Herman zeskoczył z taboretu i podniósł łeb, czując w powietrzu podniecający zapach. Dompter dał znak orkiestrze. Na pół tonu muzycy zagrali zejście z areny. Lwy poruszyły się niespokojnie. – Herman! Brutus! Helga! Raz tu! Raz tu! – powtórzył treser. – Raz tu! Raz tu! – Lwy, acz niechętnie, podeszły do tunelu. – Raz, raz – i wolno, jakby były ospałe, wychodziły przez otwór, aż wreszcie pomocnik spuścił za nimi zastawkę.
Teraz dompter został sam na sam z panterą, która przednimi łapami spoczywała na nieruchomym ciele kobiety, bijąc niespokojnie ogonem raz w lewo, raz w prawo. – Sylwia – mówił nieco ciszej – dobra Sylwia, na miejsce Sylwia! – Ale pantera, świadoma swej przewagi, zacharczała ostrzegawczo.
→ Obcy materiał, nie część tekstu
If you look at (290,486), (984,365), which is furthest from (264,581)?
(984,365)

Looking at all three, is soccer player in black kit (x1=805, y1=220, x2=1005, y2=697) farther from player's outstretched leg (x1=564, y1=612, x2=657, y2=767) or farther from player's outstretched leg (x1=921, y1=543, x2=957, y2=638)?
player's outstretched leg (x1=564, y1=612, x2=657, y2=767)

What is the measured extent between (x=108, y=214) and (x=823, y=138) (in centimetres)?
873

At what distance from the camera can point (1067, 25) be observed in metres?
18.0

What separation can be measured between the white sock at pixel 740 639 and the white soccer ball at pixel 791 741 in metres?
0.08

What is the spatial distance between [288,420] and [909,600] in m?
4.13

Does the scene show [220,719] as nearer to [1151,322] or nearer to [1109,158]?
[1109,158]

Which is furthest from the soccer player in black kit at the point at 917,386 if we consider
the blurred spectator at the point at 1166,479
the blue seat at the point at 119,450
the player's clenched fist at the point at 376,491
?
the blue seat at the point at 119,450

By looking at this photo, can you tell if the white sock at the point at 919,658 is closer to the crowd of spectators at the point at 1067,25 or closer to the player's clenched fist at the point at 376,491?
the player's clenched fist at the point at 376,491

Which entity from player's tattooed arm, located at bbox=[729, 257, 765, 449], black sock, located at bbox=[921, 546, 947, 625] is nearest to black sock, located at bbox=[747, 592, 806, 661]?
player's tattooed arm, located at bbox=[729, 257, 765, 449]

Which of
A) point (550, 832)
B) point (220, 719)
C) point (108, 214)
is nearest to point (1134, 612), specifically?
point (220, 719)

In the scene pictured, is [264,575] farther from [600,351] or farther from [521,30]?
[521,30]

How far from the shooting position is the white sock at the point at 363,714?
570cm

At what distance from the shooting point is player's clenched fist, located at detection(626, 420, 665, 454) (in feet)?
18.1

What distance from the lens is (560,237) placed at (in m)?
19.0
Jej oczy śledziły każdy ruch mężczyzny. – Sylwia – zrobił krok do przodu – na miejsce! – Sylwia jednak nie zamierzała rezygnować ze zdobyczy, z jej gardła dobiegł głęboki pomruk i ostrzegawczo podniosła łapę do uderzenia. Palce Weisera bębniły dalej o kolano, a ja po raz pierwszy byłem na niego wściekły i gdyby nie groza sytuacji, wrzeszczałbym na niego i okładał pięściami. Dlaczego się nie poruszył, dlaczego nie zbiegł na dół, dlaczego nie pokazał swoich umiejętności teraz, kiedy na piasku czerwona kałuża stawała się coraz większa, dlaczego siedział spokojnie, jak przy występach woltyżerki albo wygłupach clownów? Chryste – myślałem – zrób coś, żeby się ruszył, popchnij go tylko, resztą zrobi sam, on umie to doskonale, zmuś go tylko, zmuś, ale Weiser siedział nieporuszony z głową jak posąg, z twarzą jak posąg, z nogami jak posąg i tylko palce nienaturalnie długie wybijały wciąż ten sam rytm na trzy czwarte.
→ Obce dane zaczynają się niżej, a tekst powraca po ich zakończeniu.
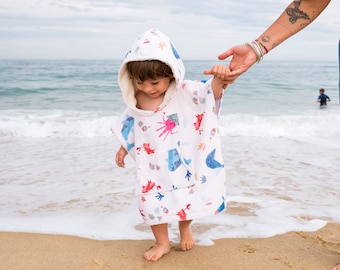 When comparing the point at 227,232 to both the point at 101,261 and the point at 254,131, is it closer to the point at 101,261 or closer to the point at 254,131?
the point at 101,261

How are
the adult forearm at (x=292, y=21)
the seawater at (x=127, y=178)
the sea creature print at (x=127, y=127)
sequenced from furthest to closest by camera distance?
the seawater at (x=127, y=178), the sea creature print at (x=127, y=127), the adult forearm at (x=292, y=21)

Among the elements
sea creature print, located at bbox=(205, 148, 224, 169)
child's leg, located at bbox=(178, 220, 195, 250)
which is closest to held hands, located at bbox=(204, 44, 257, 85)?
sea creature print, located at bbox=(205, 148, 224, 169)

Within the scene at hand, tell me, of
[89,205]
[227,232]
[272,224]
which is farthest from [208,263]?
[89,205]

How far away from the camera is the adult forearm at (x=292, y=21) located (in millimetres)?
2572

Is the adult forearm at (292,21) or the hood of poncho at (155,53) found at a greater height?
the adult forearm at (292,21)

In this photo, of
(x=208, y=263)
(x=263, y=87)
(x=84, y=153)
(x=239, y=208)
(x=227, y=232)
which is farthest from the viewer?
(x=263, y=87)

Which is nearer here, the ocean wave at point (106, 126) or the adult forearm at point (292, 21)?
the adult forearm at point (292, 21)

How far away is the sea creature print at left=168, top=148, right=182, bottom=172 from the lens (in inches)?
109

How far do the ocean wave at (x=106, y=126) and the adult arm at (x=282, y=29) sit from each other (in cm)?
506

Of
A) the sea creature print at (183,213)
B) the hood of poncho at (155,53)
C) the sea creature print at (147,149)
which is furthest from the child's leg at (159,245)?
the hood of poncho at (155,53)

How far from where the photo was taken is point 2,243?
3107 mm

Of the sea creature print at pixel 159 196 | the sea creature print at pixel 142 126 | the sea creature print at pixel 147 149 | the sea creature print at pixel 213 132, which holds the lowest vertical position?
the sea creature print at pixel 159 196

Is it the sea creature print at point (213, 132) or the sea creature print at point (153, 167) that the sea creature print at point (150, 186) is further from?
the sea creature print at point (213, 132)

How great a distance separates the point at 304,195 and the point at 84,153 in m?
3.09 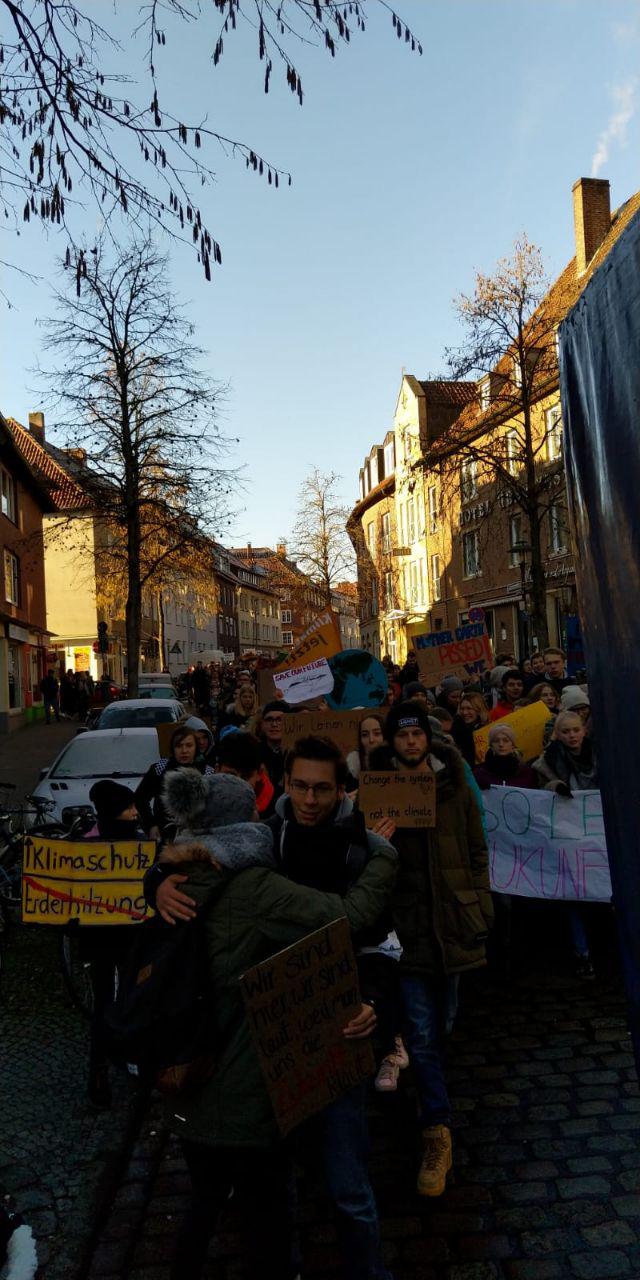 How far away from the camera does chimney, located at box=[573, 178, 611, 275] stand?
112ft

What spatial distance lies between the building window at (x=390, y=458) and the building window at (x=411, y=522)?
500cm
Dompter był bezradny. Nie mógł posunąć się do przodu ani do tyłu, stał jak zahipnotyzowany i coraz ciszej przemawiał do Sylwii tymi samymi słowami: – Na miejsce! Dobra Sylwia, na miejsce! – I było to jeszcze straszniejsze niż możliwy skok pantery w jego stronę. Jeden z pomocników wolno, tak aby nie zwracać na siebie uwagi, okrążał klatkę po zewnętrznej stronie bandy z gaśnicą pod pachą, drugi wysunął się zza kulis z wiatrówką przygotowaną do strzału i obaj, coraz bliżej pantery, czaili się do ataku. Nie wiedziałem wówczas, że w gaśnicy jest odurzający płyn, a wiatrówka strzela kapsułami z narkotykiem. Wyglądali jak mali chłopcy idący z drewnianym mieczem i procą na afrykańskiego bawołu – śmiesznie i nieporadnie. Pantera trąciła kobietę, choć nie był to ruch zdecydowany. Mężczyzna z gaśnicą przyklęknął, złożył się jak do strzału i puścił w sam pysk zwierzęcia potężny strumień. Pantera podskoczyła. Ciśnienie odrzuciło jej głowę do tyłu, ale łapy, grube łapy zostały jeszcze przez sekundę na miejscu i pewnie dlatego kiedy porzucała swoją zdobycz, powlokła ją metr, może dwa po piasku, zanim, charkocząc i bijąc łapą niewidzialnego przeciwnika, nie schroniła się przy bandzie. Trafiona kapsułą z wiatrówki podrygiwała jeszcze przez moment w epileptycznym tańcu, zanim, padła na arenę. Dompter był już, przy swojej żonie, chwycił ją na ręce i niósł za kulisy. Trzech pomocników wrzuciło panterę na brezentową, płachtę, którą powlekli następnie do drugiego wyjścia.